Recorded data:
——

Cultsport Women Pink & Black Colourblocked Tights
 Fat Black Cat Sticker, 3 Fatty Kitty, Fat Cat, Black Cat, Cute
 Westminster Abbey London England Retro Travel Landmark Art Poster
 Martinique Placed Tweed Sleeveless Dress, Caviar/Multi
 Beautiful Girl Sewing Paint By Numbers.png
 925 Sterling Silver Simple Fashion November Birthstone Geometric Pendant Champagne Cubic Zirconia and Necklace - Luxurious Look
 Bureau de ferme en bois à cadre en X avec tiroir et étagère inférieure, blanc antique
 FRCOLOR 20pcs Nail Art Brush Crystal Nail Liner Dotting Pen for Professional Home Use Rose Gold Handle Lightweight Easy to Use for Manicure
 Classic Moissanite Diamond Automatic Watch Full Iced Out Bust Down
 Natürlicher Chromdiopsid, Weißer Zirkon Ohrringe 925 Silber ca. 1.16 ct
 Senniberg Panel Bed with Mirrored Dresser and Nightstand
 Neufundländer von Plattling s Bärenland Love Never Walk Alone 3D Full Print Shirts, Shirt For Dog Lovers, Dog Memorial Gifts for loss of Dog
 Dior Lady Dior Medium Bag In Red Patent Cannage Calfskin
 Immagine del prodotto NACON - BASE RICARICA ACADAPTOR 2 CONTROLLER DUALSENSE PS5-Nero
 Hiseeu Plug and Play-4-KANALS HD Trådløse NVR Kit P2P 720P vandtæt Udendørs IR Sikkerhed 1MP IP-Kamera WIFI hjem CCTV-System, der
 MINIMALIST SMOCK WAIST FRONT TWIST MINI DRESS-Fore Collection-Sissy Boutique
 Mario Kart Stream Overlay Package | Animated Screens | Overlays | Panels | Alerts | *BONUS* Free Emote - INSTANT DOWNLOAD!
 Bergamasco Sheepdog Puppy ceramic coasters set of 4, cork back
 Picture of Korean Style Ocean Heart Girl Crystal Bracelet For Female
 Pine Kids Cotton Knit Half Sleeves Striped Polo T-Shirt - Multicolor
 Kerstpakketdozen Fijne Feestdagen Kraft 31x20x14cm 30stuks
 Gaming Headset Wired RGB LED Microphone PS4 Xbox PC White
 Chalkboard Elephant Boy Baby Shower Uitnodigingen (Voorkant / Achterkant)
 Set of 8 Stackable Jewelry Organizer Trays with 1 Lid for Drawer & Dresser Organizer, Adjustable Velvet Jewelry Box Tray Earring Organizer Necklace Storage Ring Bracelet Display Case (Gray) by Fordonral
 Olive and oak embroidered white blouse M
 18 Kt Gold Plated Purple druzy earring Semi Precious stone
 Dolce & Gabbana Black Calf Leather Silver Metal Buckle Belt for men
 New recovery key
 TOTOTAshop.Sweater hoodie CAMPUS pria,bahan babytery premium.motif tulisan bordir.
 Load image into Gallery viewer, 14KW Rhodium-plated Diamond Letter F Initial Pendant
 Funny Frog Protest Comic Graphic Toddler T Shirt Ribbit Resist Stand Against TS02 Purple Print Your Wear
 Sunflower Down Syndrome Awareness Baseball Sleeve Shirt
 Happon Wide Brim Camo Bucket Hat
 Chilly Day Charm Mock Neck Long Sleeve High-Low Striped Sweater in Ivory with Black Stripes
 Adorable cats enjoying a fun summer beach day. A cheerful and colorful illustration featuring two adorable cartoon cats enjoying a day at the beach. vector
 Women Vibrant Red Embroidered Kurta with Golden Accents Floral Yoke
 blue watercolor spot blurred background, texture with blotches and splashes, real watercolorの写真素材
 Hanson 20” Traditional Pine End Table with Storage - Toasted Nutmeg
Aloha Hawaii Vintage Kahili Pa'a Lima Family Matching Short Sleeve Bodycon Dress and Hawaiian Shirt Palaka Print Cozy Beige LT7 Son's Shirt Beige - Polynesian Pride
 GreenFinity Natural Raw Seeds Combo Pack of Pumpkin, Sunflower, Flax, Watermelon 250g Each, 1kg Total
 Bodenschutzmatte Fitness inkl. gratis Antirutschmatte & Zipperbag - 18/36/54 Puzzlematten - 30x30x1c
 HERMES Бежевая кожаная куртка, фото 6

——

About this exercise
Across the data above, count the lines that include the word "Women", and respond with the number alone.

Reply to the exercise
2